== What to do ==
Working from the records below, return word for word the line that contains "Cbr1000rr-r độ dàn" and each line after it, ending with the last. Skip all pictures.

== Input data ==
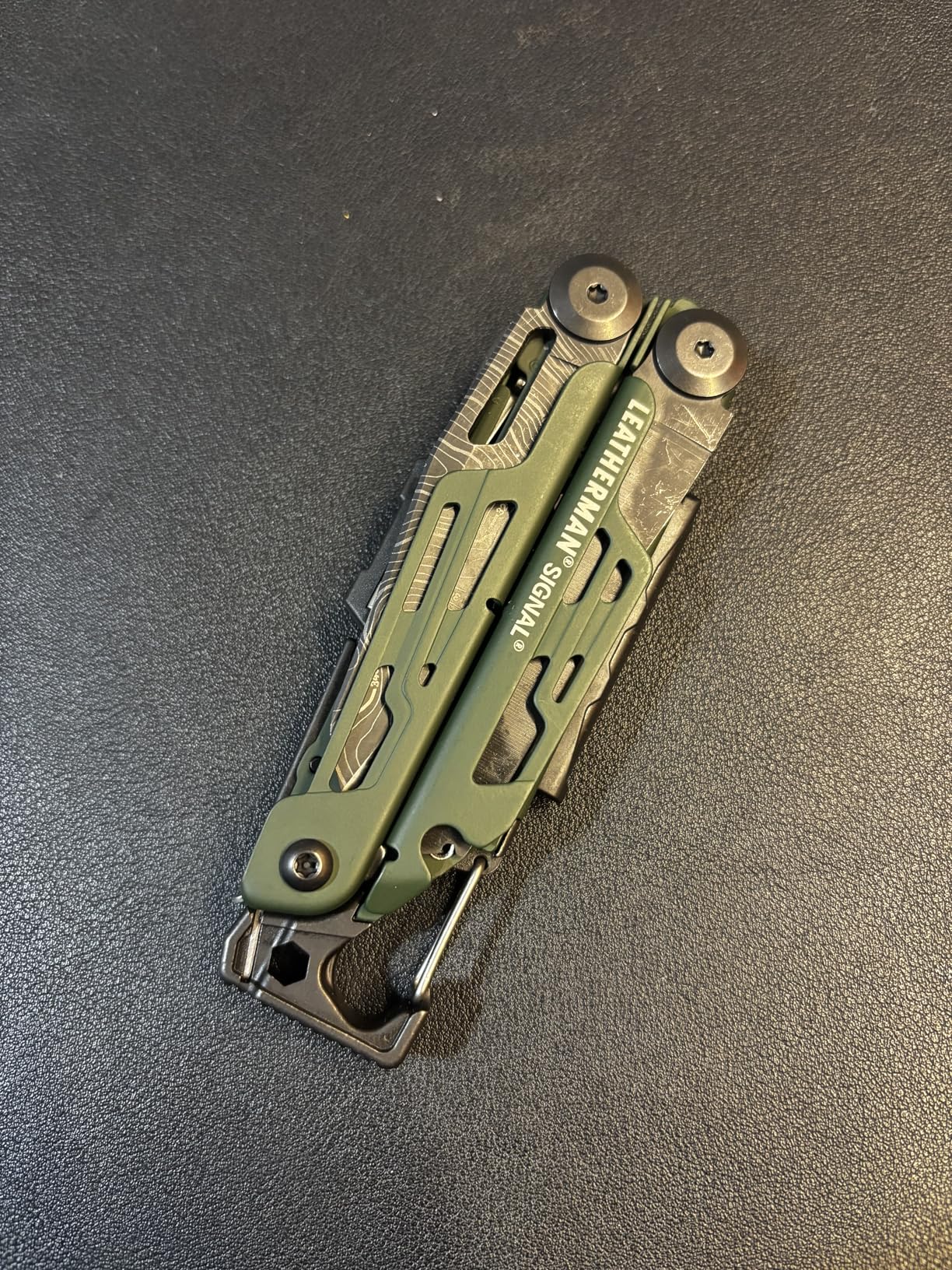 LEATHERMAN, Signal, 19-in-1 Multi-tool for Outdoors, Camping, Hiking, Fishing, Survival, Durable & Lightweight EDC, Made in the USA, Coyote Tan customer photo 2
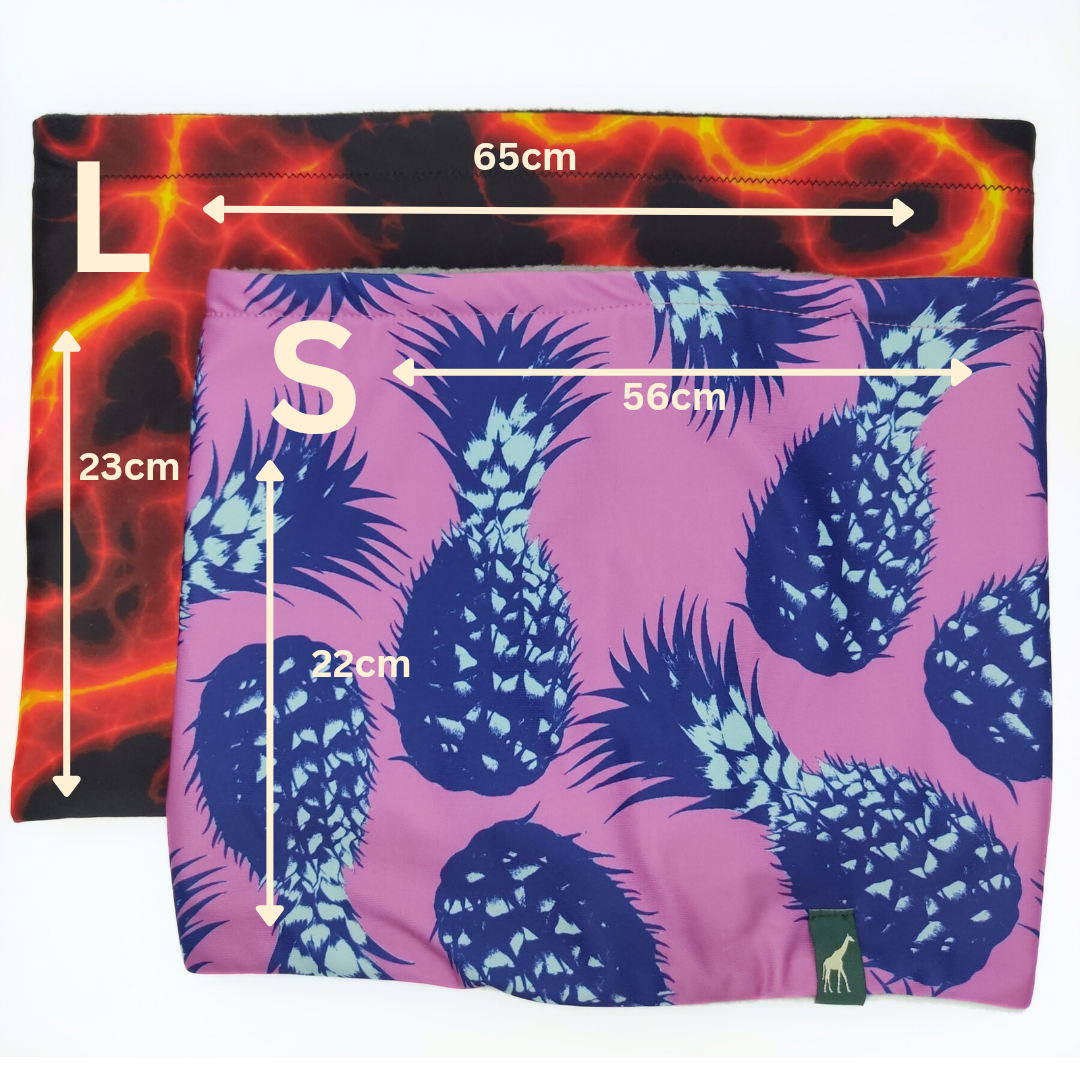 Fleecy neck buff - Green Giraffe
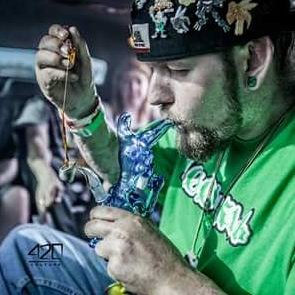 Profile Picture of Troy Rowe (@ubenkilled) on Twitter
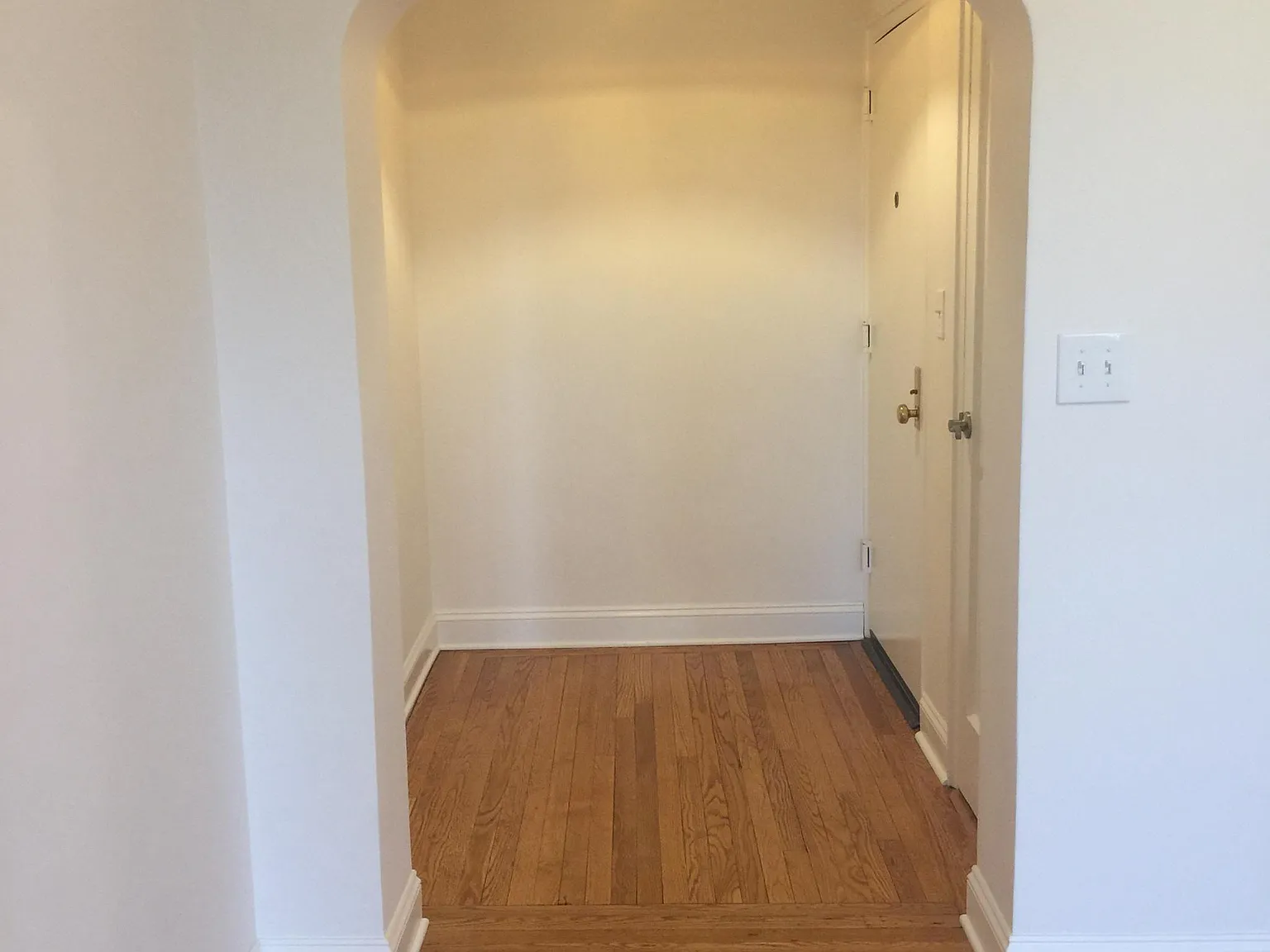 1 bed, 750 sqft, $2,800 — Photo 3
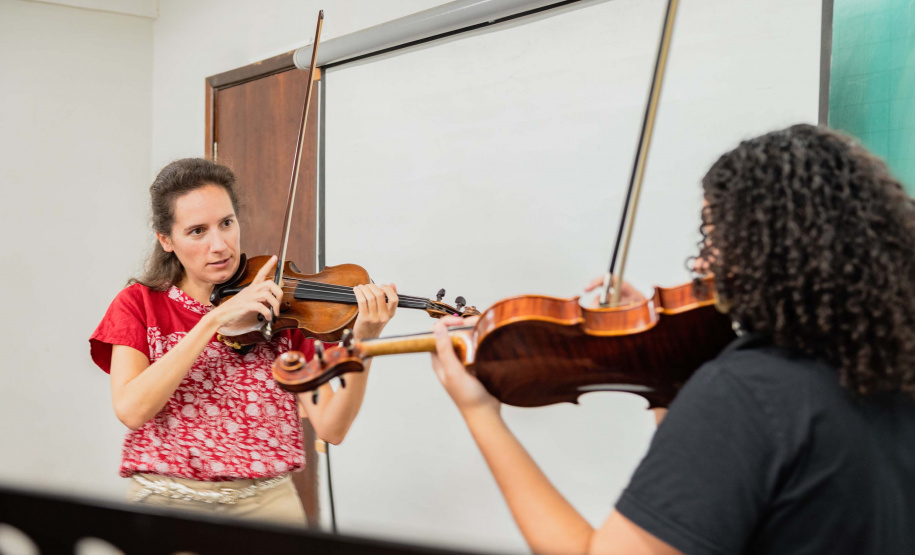 Solistas da Orquestra da Ópera de Paris ministram masterclasses de música na Embap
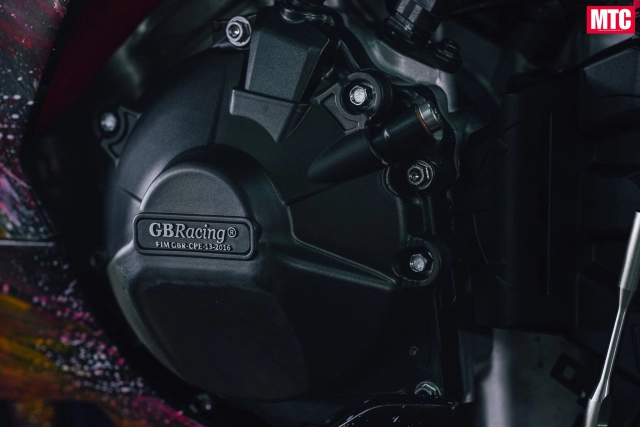 Cbr1000rr-r độ dàn áo kì dị nhất mà tôi từng thấy - 20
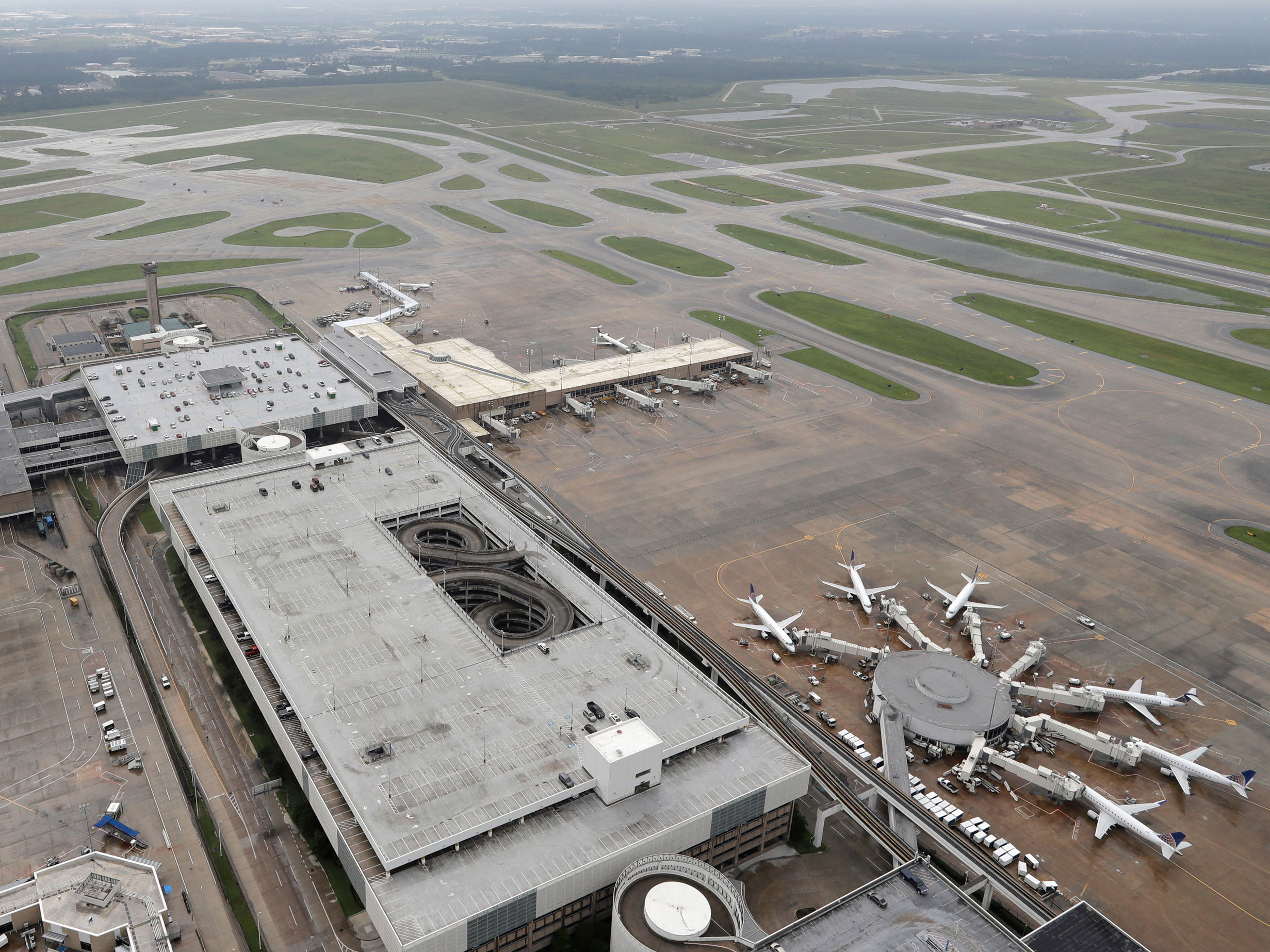 Houston's Main Airport Cancels Commercial Flights Houston's Main Airport Cancels Commercial Flights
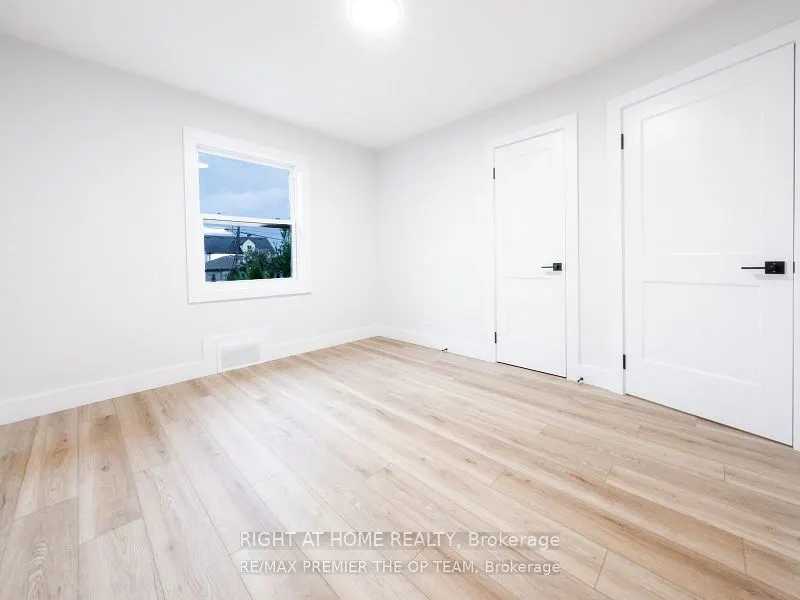 61 McAdam Avenue, #Upper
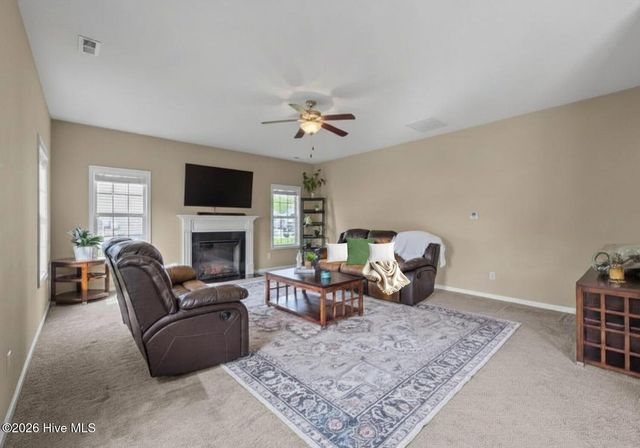 203 Sailor Street, Sneads Ferry, NC 28460
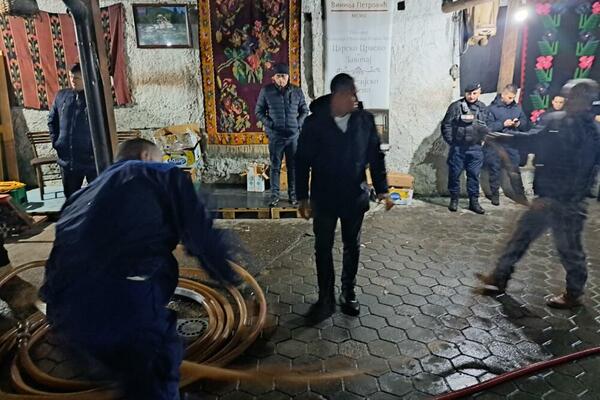 POLICIJA ZAPLENILA SVO VINO PORODICE PETROVIĆ: Završena DVODNEVNA DRAMA u Velikoj Hoči (VIDEO)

== Final answer ==
 Cbr1000rr-r độ dàn áo kì dị nhất mà tôi từng thấy - 20
 Houston's Main Airport Cancels Commercial Flights Houston's Main Airport Cancels Commercial Flights
 61 McAdam Avenue, #Upper
 203 Sailor Street, Sneads Ferry, NC 28460
 POLICIJA ZAPLENILA SVO VINO PORODICE PETROVIĆ: Završena DVODNEVNA DRAMA u Velikoj Hoči (VIDEO)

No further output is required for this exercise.